Would you please write out each entry that follows, exactly as written?

Stored items
☆ ☆ ☆ ☆ ☆

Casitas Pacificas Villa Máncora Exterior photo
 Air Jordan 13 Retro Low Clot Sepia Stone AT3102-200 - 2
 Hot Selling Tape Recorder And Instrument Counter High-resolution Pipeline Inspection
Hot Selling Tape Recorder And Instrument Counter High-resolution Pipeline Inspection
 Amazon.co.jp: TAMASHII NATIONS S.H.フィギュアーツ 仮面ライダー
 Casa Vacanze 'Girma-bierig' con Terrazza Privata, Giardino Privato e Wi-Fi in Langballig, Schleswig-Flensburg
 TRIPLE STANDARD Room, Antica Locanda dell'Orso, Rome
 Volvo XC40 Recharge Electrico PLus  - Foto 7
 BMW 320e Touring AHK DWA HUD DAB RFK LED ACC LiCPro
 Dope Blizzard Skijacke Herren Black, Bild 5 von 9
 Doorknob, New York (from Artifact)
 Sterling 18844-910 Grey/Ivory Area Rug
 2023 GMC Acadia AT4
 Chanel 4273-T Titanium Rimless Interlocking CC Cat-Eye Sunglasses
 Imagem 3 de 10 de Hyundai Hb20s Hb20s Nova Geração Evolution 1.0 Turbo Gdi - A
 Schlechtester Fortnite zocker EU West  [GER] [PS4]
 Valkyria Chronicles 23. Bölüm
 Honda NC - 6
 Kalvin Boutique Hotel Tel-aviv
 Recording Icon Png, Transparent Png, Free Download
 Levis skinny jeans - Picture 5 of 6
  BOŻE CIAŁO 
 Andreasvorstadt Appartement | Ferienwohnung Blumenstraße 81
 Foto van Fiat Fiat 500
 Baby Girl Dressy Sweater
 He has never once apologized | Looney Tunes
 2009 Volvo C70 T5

☆ ☆ ☆ ☆ ☆

**Response area**
Casitas Pacificas Villa Máncora Exterior photo
 Air Jordan 13 Retro Low Clot Sepia Stone AT3102-200 - 2
 Hot Selling Tape Recorder And Instrument Counter High-resolution Pipeline Inspection
Hot Selling Tape Recorder And Instrument Counter High-resolution Pipeline Inspection
 Amazon.co.jp: TAMASHII NATIONS S.H.フィギュアーツ 仮面ライダー
 Casa Vacanze 'Girma-bierig' con Terrazza Privata, Giardino Privato e Wi-Fi in Langballig, Schleswig-Flensburg
 TRIPLE STANDARD Room, Antica Locanda dell'Orso, Rome
 Volvo XC40 Recharge Electrico PLus  - Foto 7
 BMW 320e Touring AHK DWA HUD DAB RFK LED ACC LiCPro
 Dope Blizzard Skijacke Herren Black, Bild 5 von 9
 Doorknob, New York (from Artifact)
 Sterling 18844-910 Grey/Ivory Area Rug
 2023 GMC Acadia AT4
 Chanel 4273-T Titanium Rimless Interlocking CC Cat-Eye Sunglasses
 Imagem 3 de 10 de Hyundai Hb20s Hb20s Nova Geração Evolution 1.0 Turbo Gdi - A
 Schlechtester Fortnite zocker EU West  [GER] [PS4]
 Valkyria Chronicles 23. Bölüm
 Honda NC - 6
 Kalvin Boutique Hotel Tel-aviv
 Recording Icon Png, Transparent Png, Free Download
 Levis skinny jeans - Picture 5 of 6
  BOŻE CIAŁO 
 Andreasvorstadt Appartement | Ferienwohnung Blumenstraße 81
 Foto van Fiat Fiat 500
 Baby Girl Dressy Sweater
 He has never once apologized | Looney Tunes
 2009 Volvo C70 T5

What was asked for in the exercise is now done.